No Amount of Machine Learning Will Tell You Why a Training Plan Works

8 minute read

The Emergence of Big Data in Endurance Training

Endurance training is ripe for disruption. In recent years, there’s been a sharp increase in the amount of data that amateur athletes can capture. For example, if you are a cyclist who uses some kind of structured training plan, you typically capture some data of your daily activities, including sleep, movement and in some cases nutrition. You may also record various types of body measurements, heart rate data, body temperature, and so on. When you do workouts, you additionally capture power, cadence, pedaling dynamics… the list goes on.

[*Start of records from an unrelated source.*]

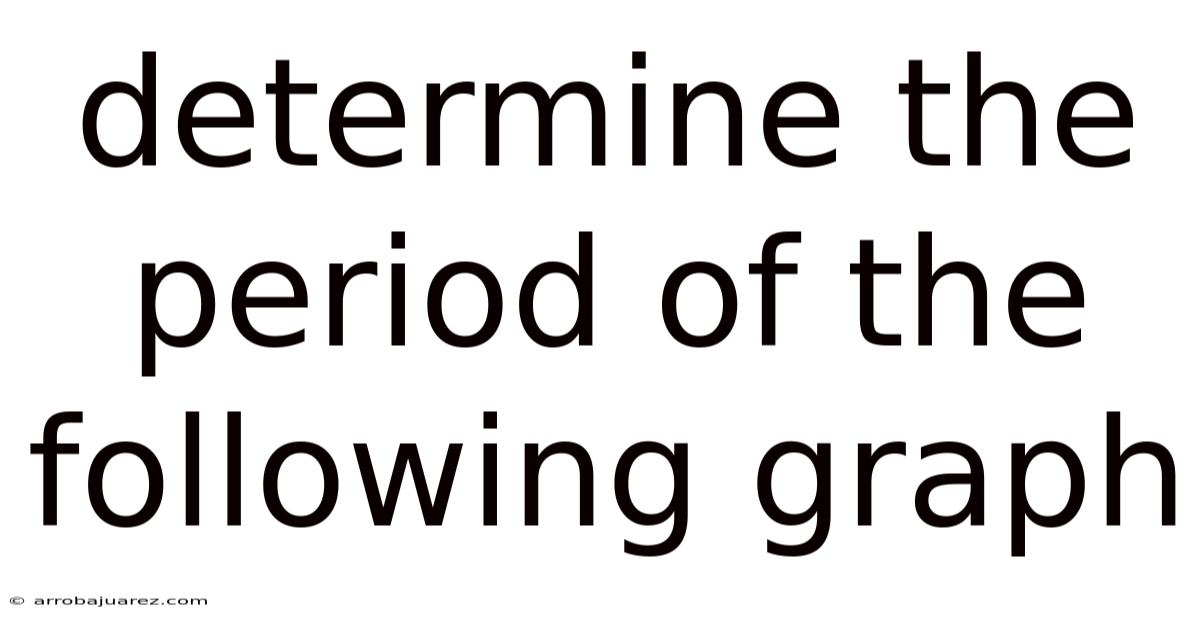 Determine The Period Of The Following Graph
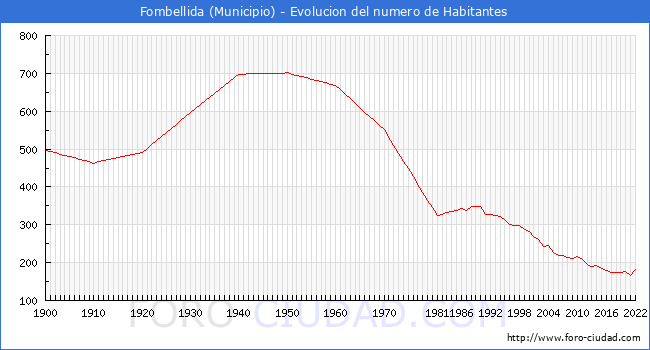 Evolucin de la poblacin desde 1900 hasta 2022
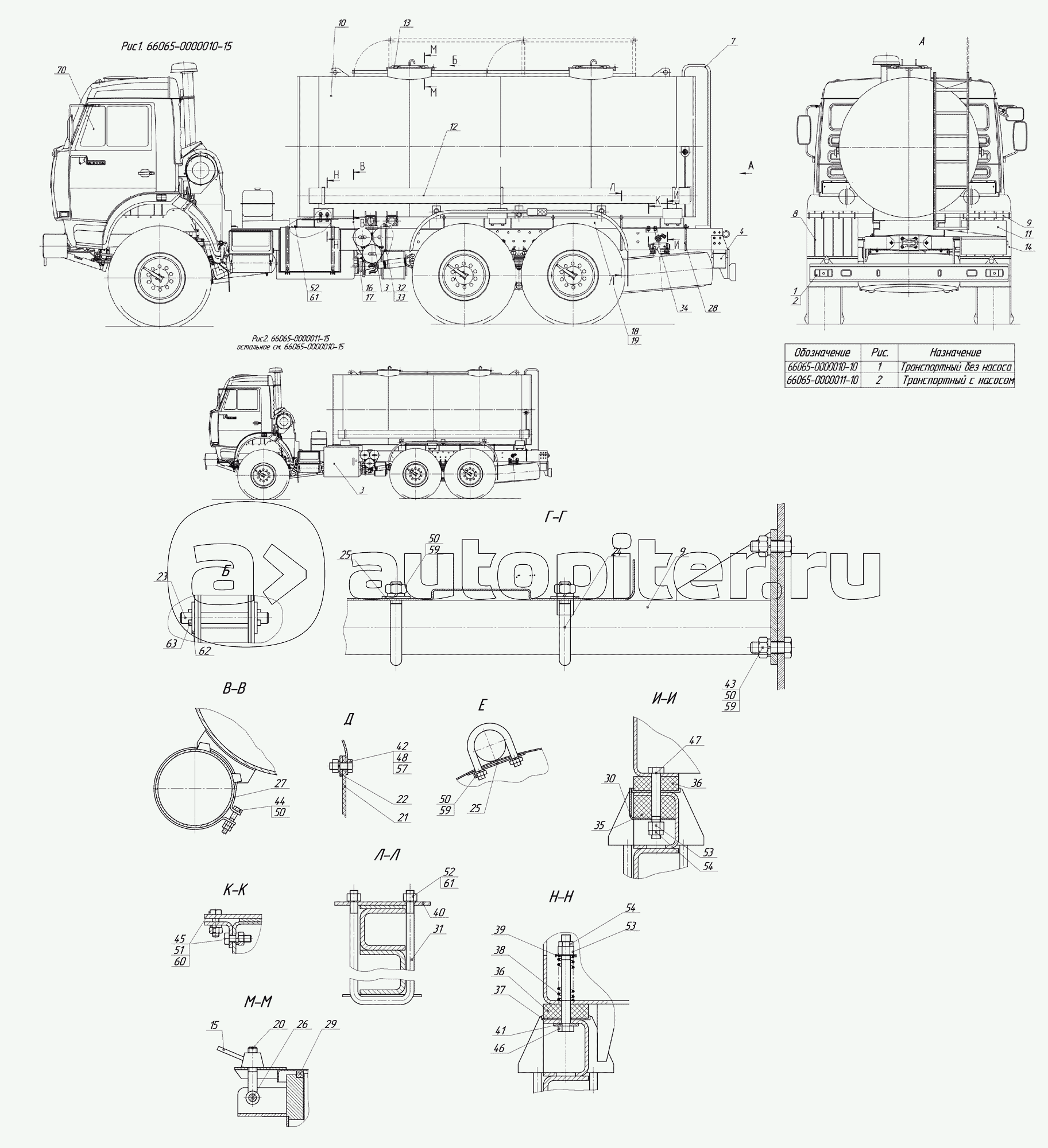66065-0000010-10, 66065-0000011-10 Автоцистерна транспортная для питьевой воды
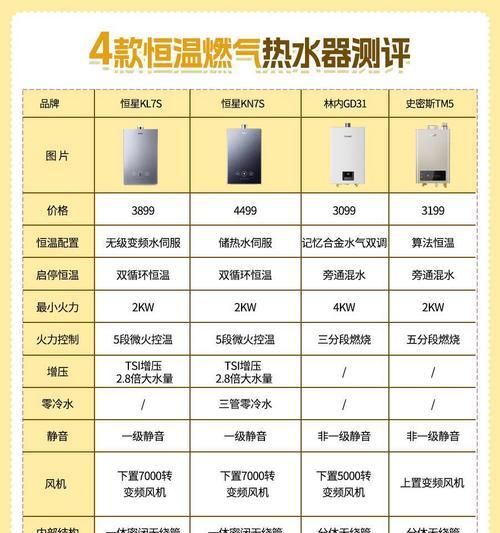 家庭做饭洗澡选择哪种热水器更合适？  第1张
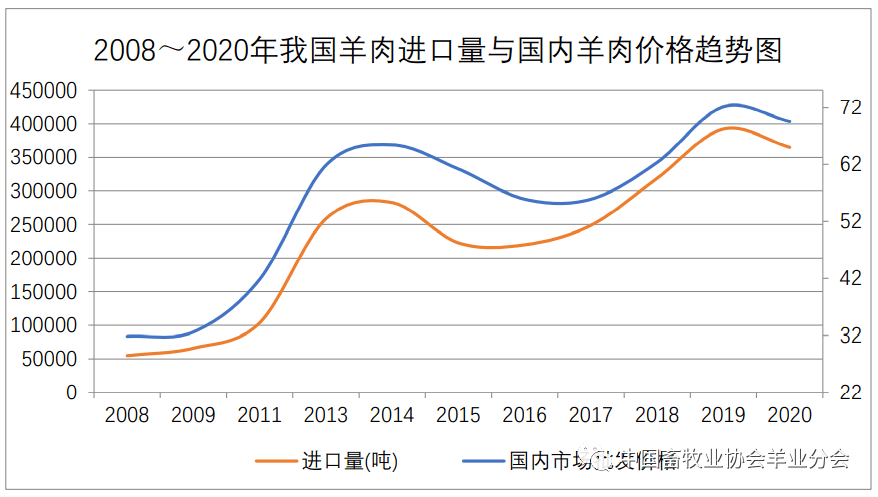 养殖羊的视频_养殖羊视频教程全集_羊的养殖技术视频6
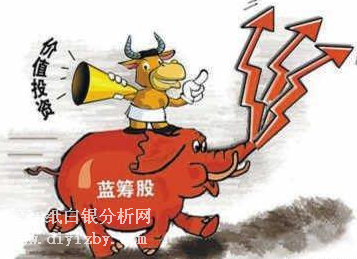 價值投資 價值投資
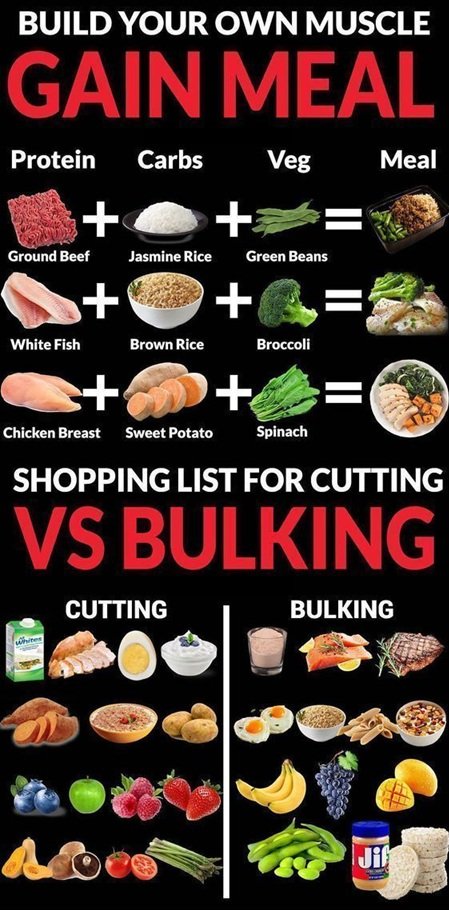 how to gain muscle fast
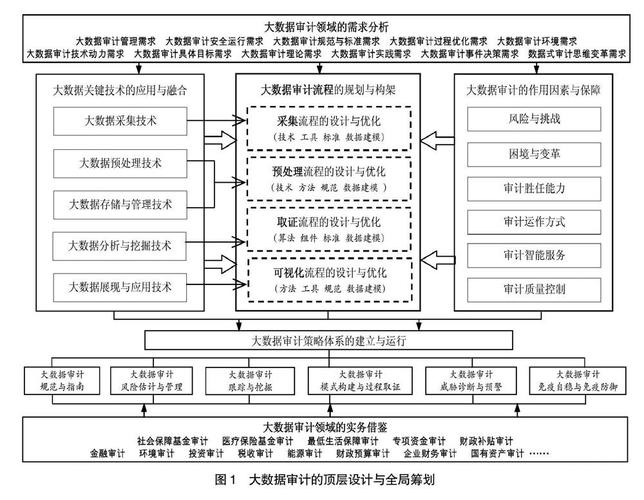 大数据审计的概念 - 大数据审计概述-第6张图片-华田资讯 大数据审计的概念 - 大数据审计概述-第6张图片-华田资讯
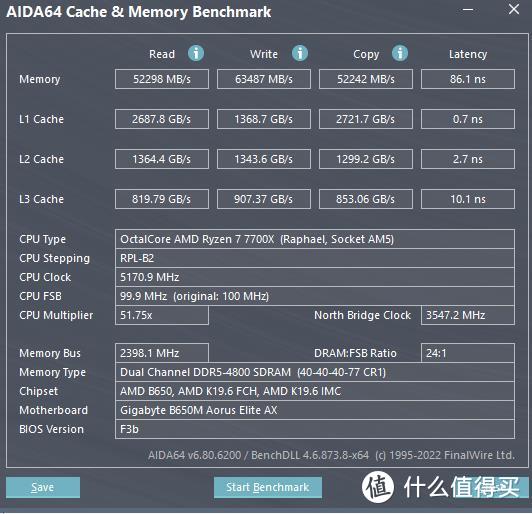 【老黄搞机篇一百七十二】中端配置如何搭？7700X+技嘉小雕AX B650M+RTX3060能否满足你需求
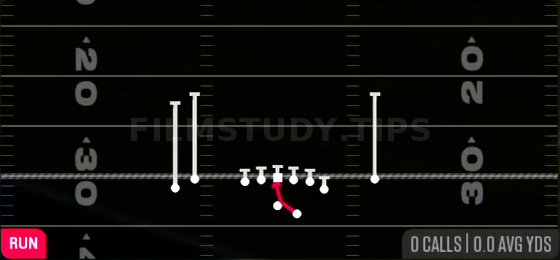Inside Zone — Run play diagram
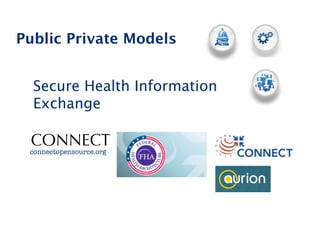 Public Private Models


  Secure Health Information
  Exchange

 CONNECT
 connectopensource.org




                              22
 
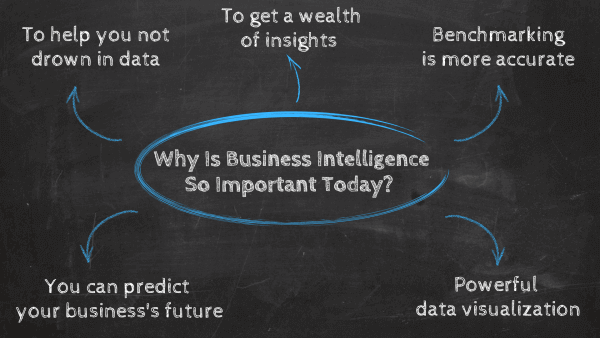 Business intelligence concepts and solutions importance today 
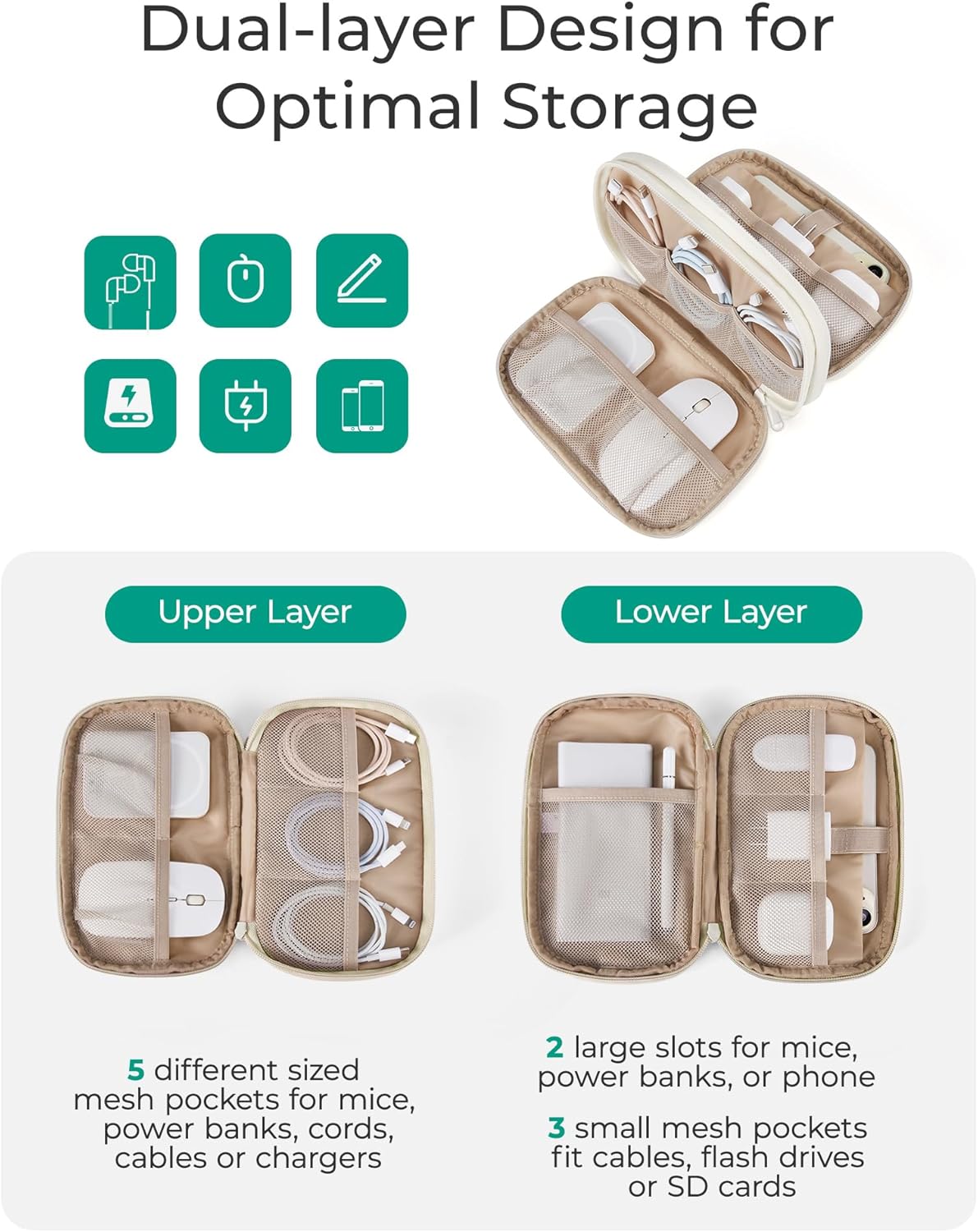 BAGSMART Electronics Organizer Travel Case, Cord Organizer for Women, Travel Cable Bag (Beige) - Image 3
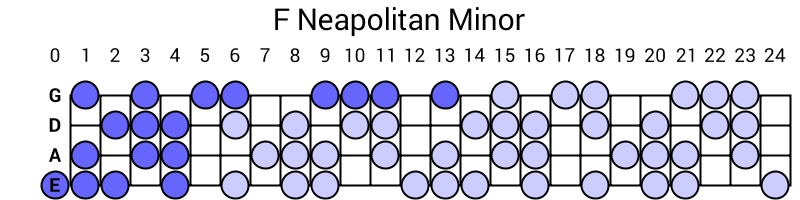 F Neapolitan Minor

Of course, professional athletes have captured all of the above and more for years. What’s new is the ability of amateur athletes to do the same. This means that there’s now an unprecedented amount of data on endurance training. Yet the methods for endurance training have remained the same. If you are not working with an individual coach but still want to follow a structured training plan, your options are limited to stock programs that are all variations of a handful of basic approaches. Moreover, each individual training plan is the same for all of the athletes that are doing it. Usually, the only adjustment is based on a rough approximation of your functional threshold power.

TrainerRoad’s Adaptive Training

Needless to say, the “one size fits all” approach discussed above is unlikely to produce optimal results. No wonder, then, that companies such as TrainerRoad are looking to change things. They are currently rolling out what they call “adaptive training”, which leverages users’ training history and other individual information to adjust their workouts. For example, if you fail to complete a given workout, the system may change the intensity of your following workout downwards. As simple as this sounds, it’s already an improvement compared to standard stock plans where the next workout will remain the same irrespective of whether you can complete today’s intervals or not.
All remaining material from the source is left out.